== Work to be completed ==
Exact reproduction, images excluded: write out the records below.

== Data ==

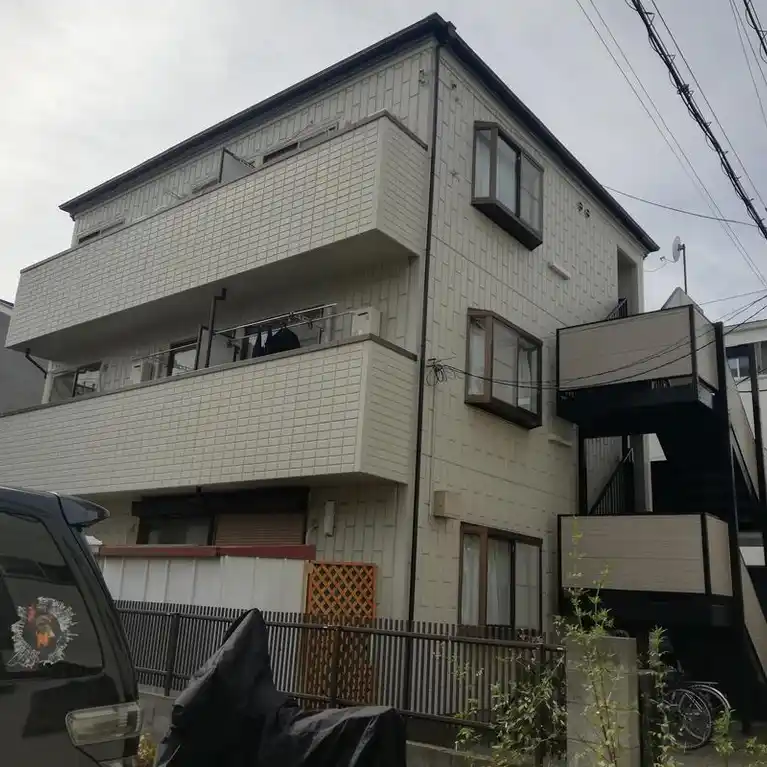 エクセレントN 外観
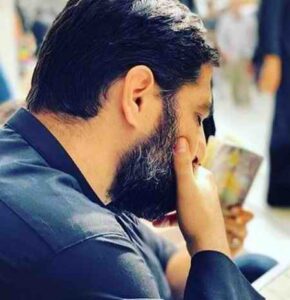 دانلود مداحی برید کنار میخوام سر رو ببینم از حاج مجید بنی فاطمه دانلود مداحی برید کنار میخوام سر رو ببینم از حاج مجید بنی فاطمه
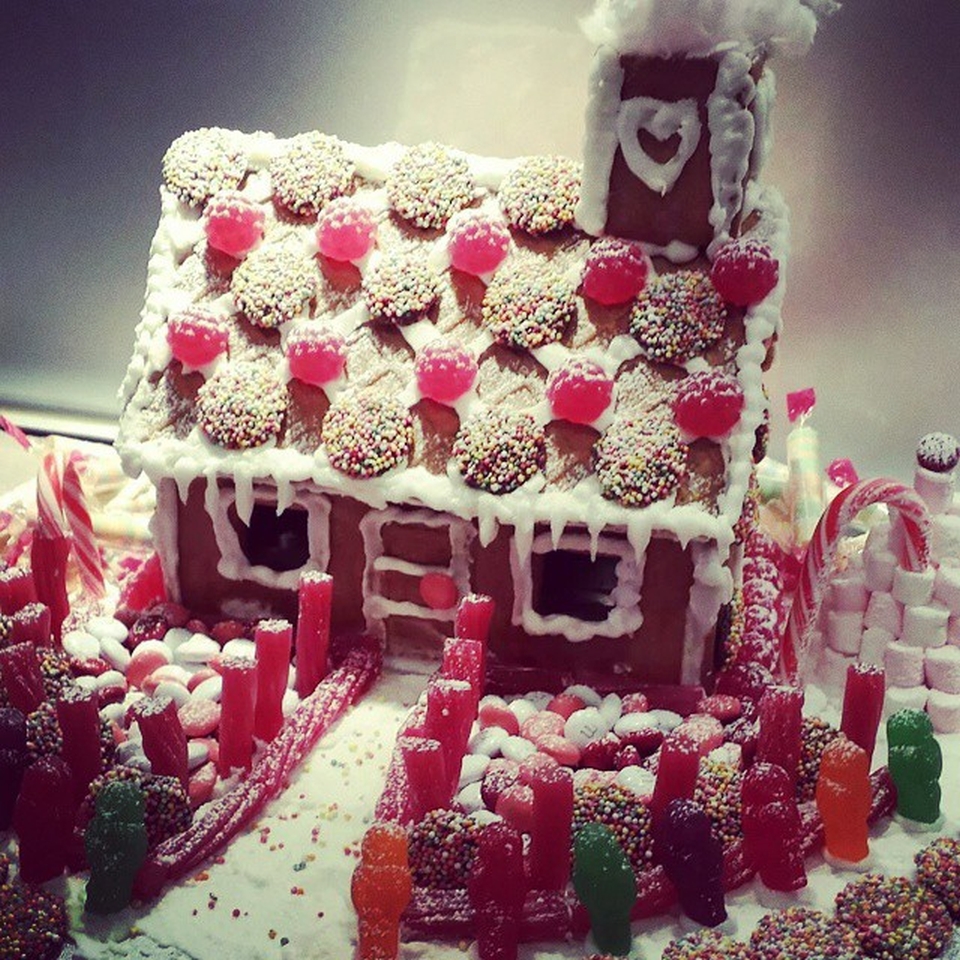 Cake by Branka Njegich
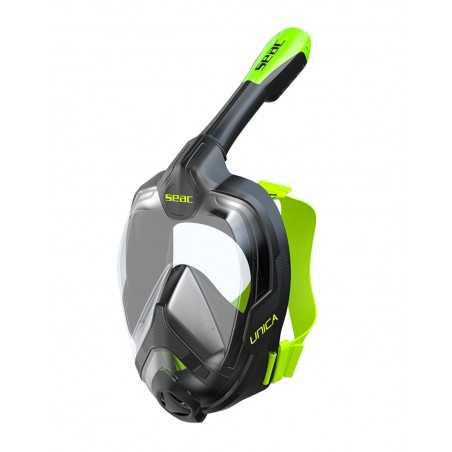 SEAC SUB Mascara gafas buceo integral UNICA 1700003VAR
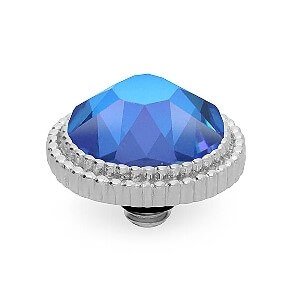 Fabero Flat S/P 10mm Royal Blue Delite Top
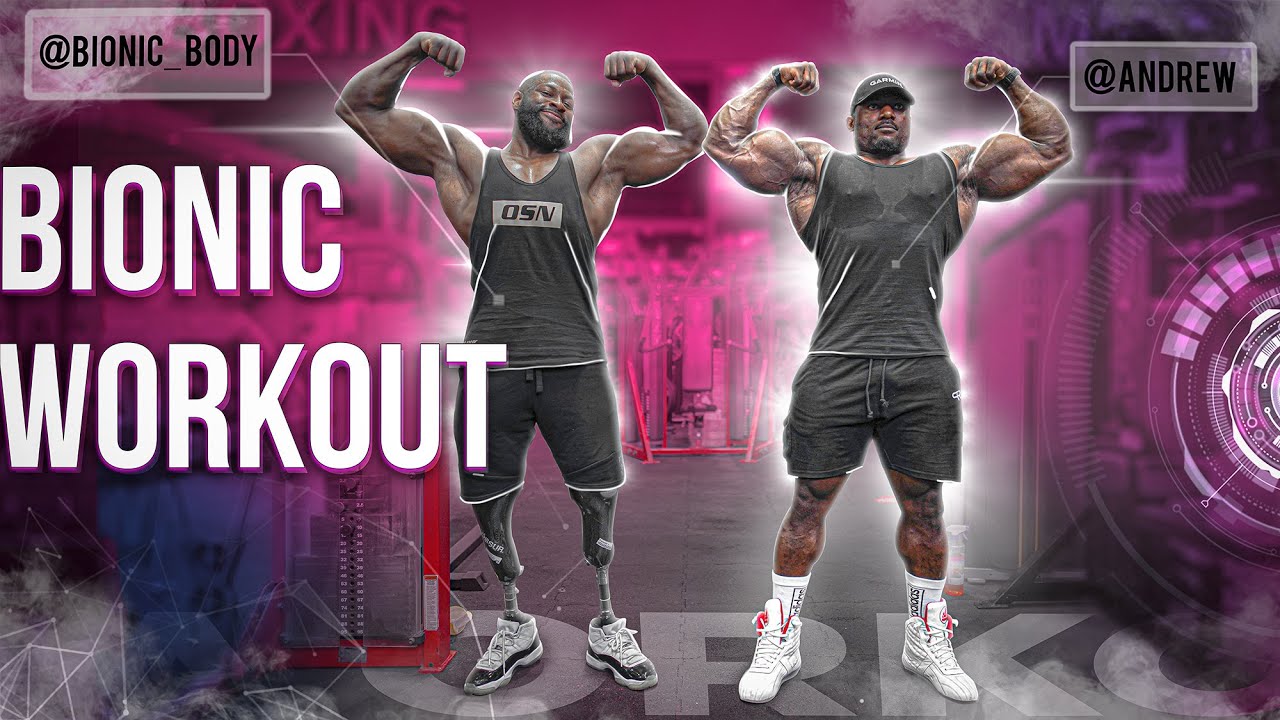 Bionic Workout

== Solution to this task ==
 エクセレントN 外観
 دانلود مداحی برید کنار میخوام سر رو ببینم از حاج مجید بنی فاطمه دانلود مداحی برید کنار میخوام سر رو ببینم از حاج مجید بنی فاطمه
 Cake by Branka Njegich
 SEAC SUB Mascara gafas buceo integral UNICA 1700003VAR
 Fabero Flat S/P 10mm Royal Blue Delite Top
 Bionic Workout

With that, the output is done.